Tim commented on private-l on the fenari upgrade that php-apc is actually the
right package, not php5-apc, as Ubuntu seems to start dropping the "5" from
package names one by one..
Meanwhile they are both NOT installed on spence anymore.
Merging our gerrit changes.. let's see if that fixes it now.
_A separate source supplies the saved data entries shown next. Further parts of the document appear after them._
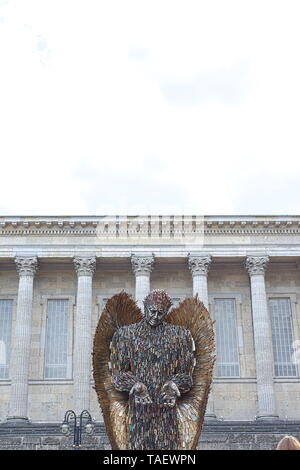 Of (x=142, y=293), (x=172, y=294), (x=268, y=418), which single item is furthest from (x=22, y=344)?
(x=268, y=418)

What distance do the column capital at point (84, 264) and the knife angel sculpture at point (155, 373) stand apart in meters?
27.4

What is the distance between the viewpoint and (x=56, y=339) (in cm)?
3406

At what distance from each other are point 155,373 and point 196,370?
1.34 feet

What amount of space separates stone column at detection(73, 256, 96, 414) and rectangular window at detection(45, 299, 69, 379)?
201cm

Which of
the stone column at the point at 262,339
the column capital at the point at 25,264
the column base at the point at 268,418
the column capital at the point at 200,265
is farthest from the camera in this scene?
the column capital at the point at 200,265

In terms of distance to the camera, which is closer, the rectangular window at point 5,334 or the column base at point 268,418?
the column base at point 268,418

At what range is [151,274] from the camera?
35438mm

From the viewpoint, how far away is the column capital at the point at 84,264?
33.2 meters

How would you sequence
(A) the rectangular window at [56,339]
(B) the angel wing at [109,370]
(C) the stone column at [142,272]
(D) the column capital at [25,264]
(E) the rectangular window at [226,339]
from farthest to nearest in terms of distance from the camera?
1. (E) the rectangular window at [226,339]
2. (A) the rectangular window at [56,339]
3. (D) the column capital at [25,264]
4. (C) the stone column at [142,272]
5. (B) the angel wing at [109,370]

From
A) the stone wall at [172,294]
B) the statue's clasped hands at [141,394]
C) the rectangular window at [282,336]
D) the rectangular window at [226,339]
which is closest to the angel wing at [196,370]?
the statue's clasped hands at [141,394]

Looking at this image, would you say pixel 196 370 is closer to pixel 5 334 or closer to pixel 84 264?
pixel 84 264

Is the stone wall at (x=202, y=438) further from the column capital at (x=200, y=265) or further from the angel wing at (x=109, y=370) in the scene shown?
the angel wing at (x=109, y=370)

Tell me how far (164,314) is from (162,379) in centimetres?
58

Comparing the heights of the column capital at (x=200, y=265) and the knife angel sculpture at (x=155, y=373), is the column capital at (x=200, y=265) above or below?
above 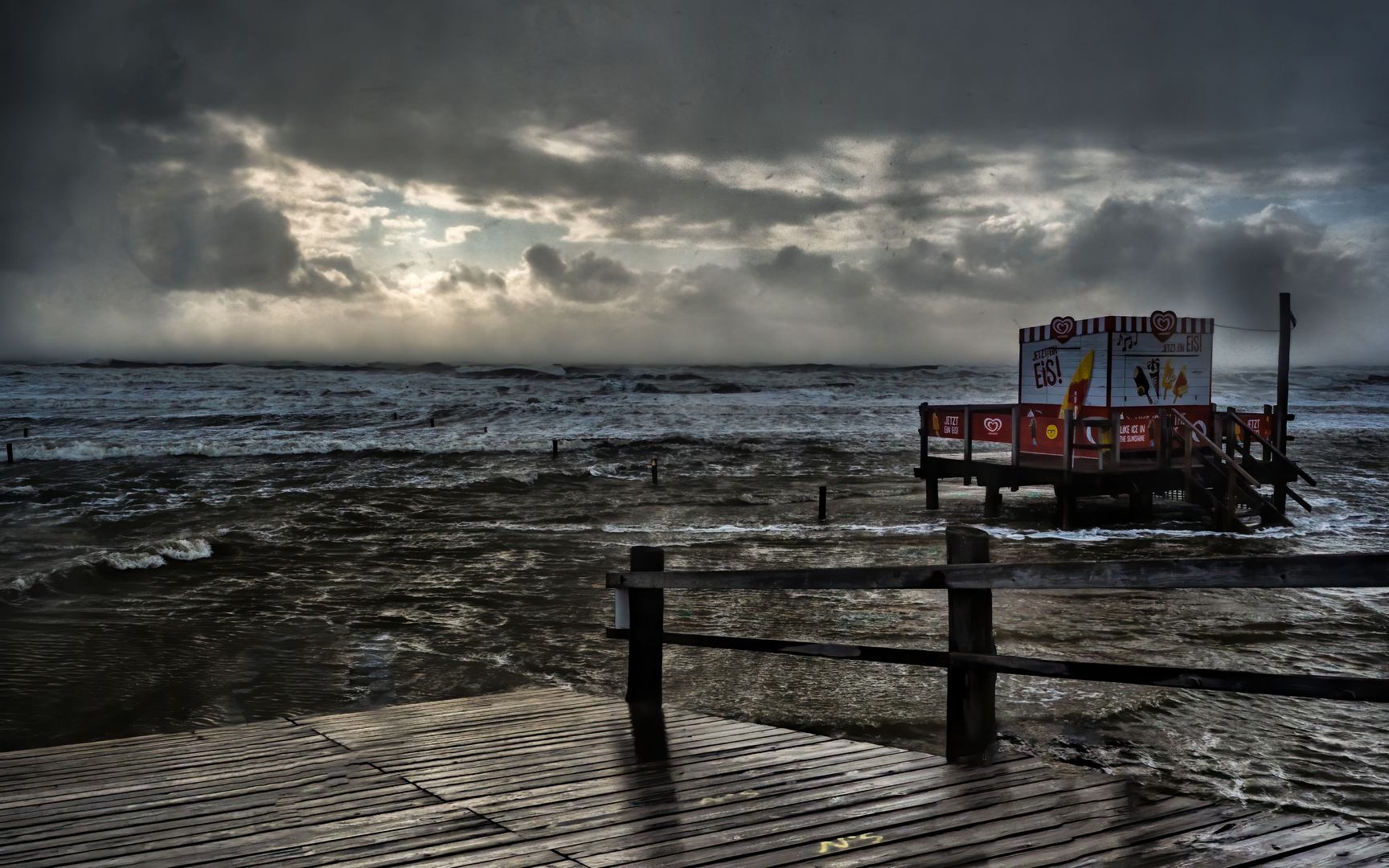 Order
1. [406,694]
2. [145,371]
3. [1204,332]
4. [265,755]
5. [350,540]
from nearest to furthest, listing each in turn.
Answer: [265,755]
[406,694]
[350,540]
[1204,332]
[145,371]

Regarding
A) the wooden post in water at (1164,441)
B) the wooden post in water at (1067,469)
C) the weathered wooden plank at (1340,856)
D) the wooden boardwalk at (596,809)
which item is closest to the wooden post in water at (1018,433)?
the wooden post in water at (1067,469)

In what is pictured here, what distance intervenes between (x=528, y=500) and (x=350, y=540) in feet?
21.4

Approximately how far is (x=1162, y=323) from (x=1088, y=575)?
1681cm

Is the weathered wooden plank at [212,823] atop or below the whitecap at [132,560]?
atop

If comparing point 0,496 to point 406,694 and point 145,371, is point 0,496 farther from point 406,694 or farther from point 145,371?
point 145,371

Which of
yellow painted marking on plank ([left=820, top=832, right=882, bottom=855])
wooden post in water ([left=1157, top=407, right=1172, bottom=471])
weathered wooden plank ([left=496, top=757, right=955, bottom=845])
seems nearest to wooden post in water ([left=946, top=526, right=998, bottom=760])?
weathered wooden plank ([left=496, top=757, right=955, bottom=845])

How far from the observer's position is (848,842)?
3443 millimetres

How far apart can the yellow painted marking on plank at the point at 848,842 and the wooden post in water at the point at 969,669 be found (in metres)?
1.08

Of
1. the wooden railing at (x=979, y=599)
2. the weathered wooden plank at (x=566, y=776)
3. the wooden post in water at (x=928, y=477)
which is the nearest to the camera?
the wooden railing at (x=979, y=599)

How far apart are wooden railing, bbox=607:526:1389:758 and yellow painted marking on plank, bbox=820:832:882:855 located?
3.53 feet

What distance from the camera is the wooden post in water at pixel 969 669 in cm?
442

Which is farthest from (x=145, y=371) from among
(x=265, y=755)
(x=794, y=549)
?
(x=265, y=755)

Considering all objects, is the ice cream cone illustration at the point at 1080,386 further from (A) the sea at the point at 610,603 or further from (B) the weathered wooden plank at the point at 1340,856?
(B) the weathered wooden plank at the point at 1340,856

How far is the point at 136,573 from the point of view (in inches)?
571
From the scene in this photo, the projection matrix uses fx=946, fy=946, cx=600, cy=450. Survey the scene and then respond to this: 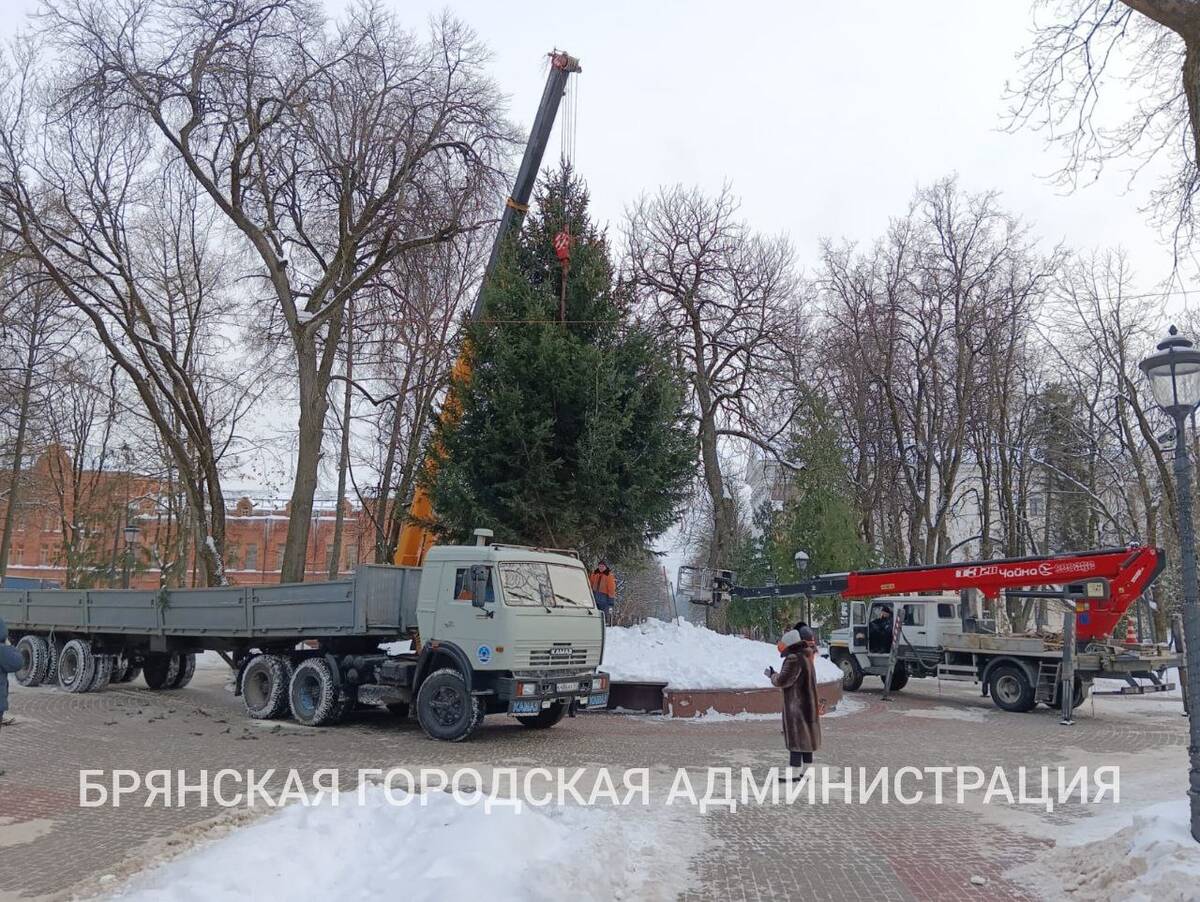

* 11:52 mutante: spence still slow, restarted nagios (as opposed to just
reloading)
* 11:03 mutante: spence changed check_interval for check_job_queue from 1 to
15 (min) as it takes ~5 minutes to complete currently - reloaded nagios
* 10:52 mutante: check_job_queue Nagios check finally works again :) - but
why do we check for "3rd biggest" (fix me)
* 10:43 RoanKattouw: Added spence to
fenari:/etc/dsh/group/mediawiki-installation
* 10:41 mutante: spence - "chown -R mwdeploy:mwdeploy
/usr/local/apache/common-local" per Roan, sync-common again, finished
fine..after a while. (spence had really outdated copy of MW source tree)
* 10:31 mutante: ran sync-common from spence and got a ton of permission
errors
* 10:29 mutante: spence added root to sudoers to fix sync-common
* 10:25 mutante: spence created mwdeploy user to fix sync-common
* 10:17 mutante: spence - fix comment style in apc.ini (# -> //) to get rid
of 'PHP Deprecated' messages - install php-apc for check_job_queue
* 10:11 mutante: copied script files provided by wikimedia-task-appserver
from fenari to spence
<-- this was all related to getting check_job_queue to work again.
11:49 < mutante> JOBQUEUE OK - plwiki has the 3rd biggest job queue, 42 entries
:) yay
11:49 < RoanKattouw> whee
And this should be part of the long-term fix:
https://gerrit.wikimedia.org/r/#change,1472
https://gerrit.wikimedia.org/r/#change,1473

- puppetized it, fixed path, fixed duplicate definition, got rid of
non-puppetized definition, made check interval configurable,..etc..
- Roan completely rewrote the check itself
and now it works for real:
http://nagios.wikimedia.org/nagios/cgi-bin/extinfo.cgi?type=2&host=spence&service=check_job_queue
:)

Status changed from 'open' to 'resolved' by dzahn

Status changed from 'resolved' to 'open' by dzahn

need to reopen.
it is broken since we switched from spence to neon.
because it relies on having /h/w/ and MWScript.php , which neon does not have
needs to run elsewhere, like on the eqiad versions of hume or fenari.
see bug 36835 https://bugzilla.wikimedia.org/show_bug.cgi?id=36835
<root at neon:/usr/lib/nagios/plugins# >
JOBQUEUE OK - all job queues below 10,000

Subject changed from 'check_job_queue Nagios check on spence throws PHP fatal and interprets it as OK' to 'fix and move check_job_queue Icinga check to eqiad (relied on NFS on spence)' by dzahn

arg, we need to bump this up.
https://icinga.wikimedia.org/cgi-bin/icinga/status.cgi?search_string=job_queue
but do we really want to make neon a mediawiki install? i'd rather not and run
this command on a random appserver via ssh

Terbium is the new hume. How about there? It's set up as an app server already.

py wrote:

jobqueue check now on terbium:
https://icinga.wikimedia.org/cgi-bin/icinga/status.cgi?host=terbium&nostatusheader
should also be on hume.

Status changed from 'open' to 'resolved' by py

Dzahn changed the visibility from "WMF-NDA (Project)" to "Public (No Login Required)".Apr 19 2024, 7:21 PM
Dzahn changed the edit policy from "WMF-NDA (Project)" to "All Users".